Aim of the exercise: Please transcribe the data below in full. Omit any picture you find in it.

Top of Information supplied

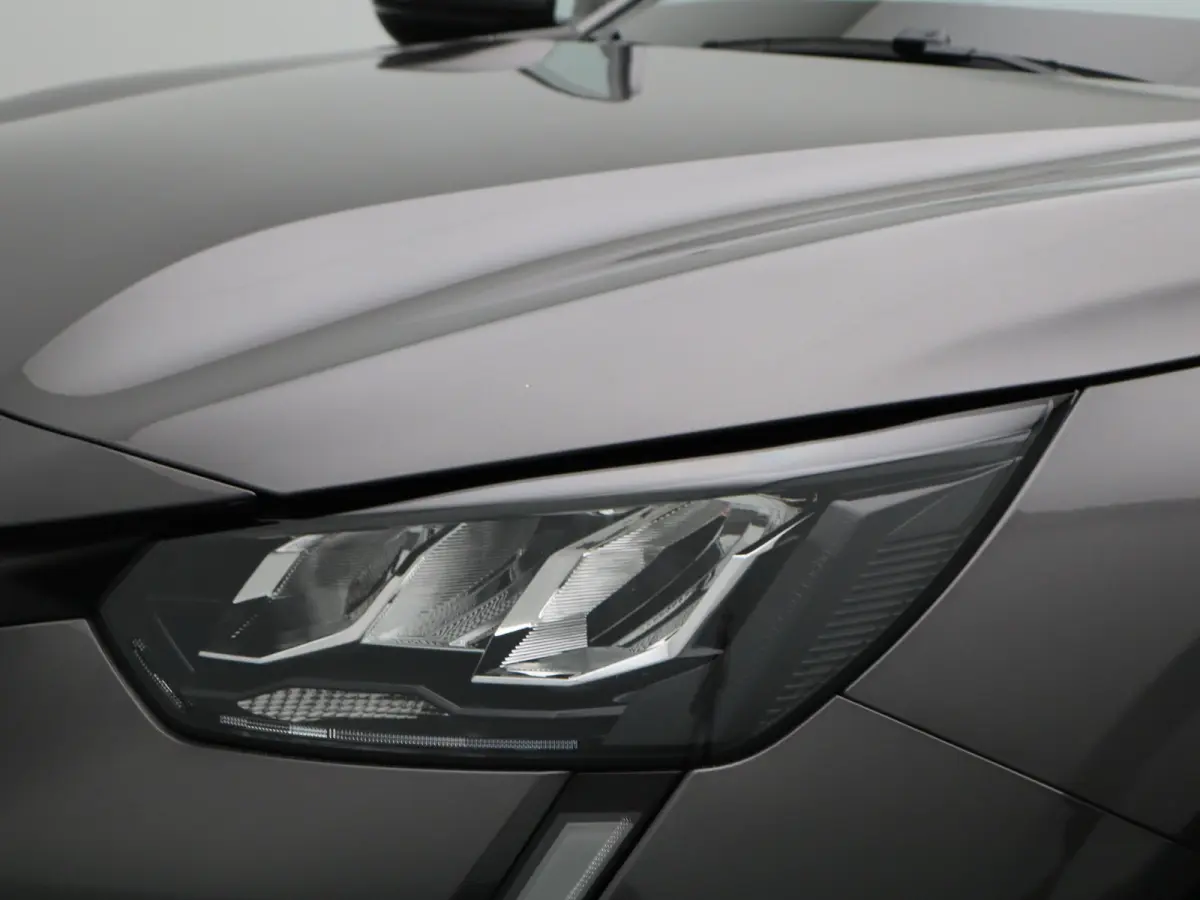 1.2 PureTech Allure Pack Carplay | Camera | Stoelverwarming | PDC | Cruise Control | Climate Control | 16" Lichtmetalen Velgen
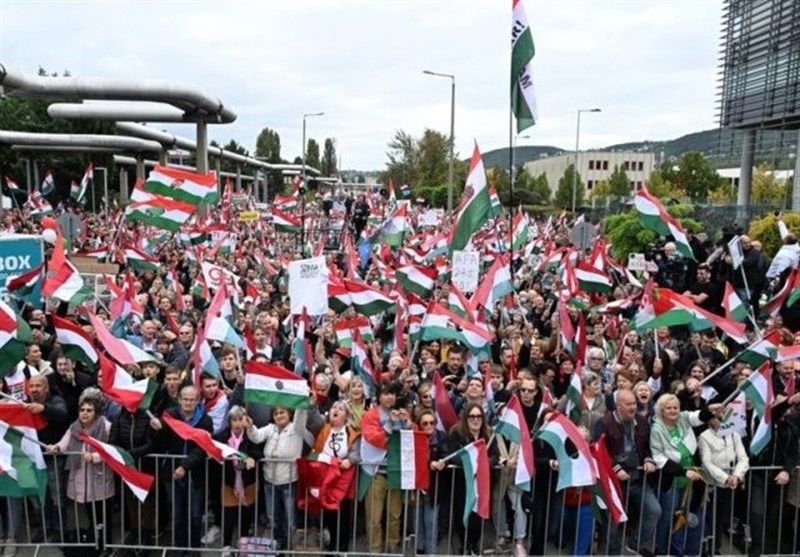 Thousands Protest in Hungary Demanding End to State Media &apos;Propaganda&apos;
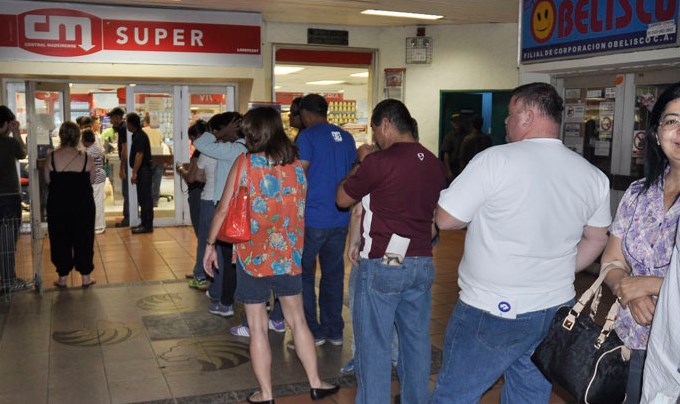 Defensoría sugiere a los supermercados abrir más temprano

Bottom of Information supplied

Task solution:
 1.2 PureTech Allure Pack Carplay | Camera | Stoelverwarming | PDC | Cruise Control | Climate Control | 16" Lichtmetalen Velgen
 Thousands Protest in Hungary Demanding End to State Media &apos;Propaganda&apos;
 Defensoría sugiere a los supermercados abrir más temprano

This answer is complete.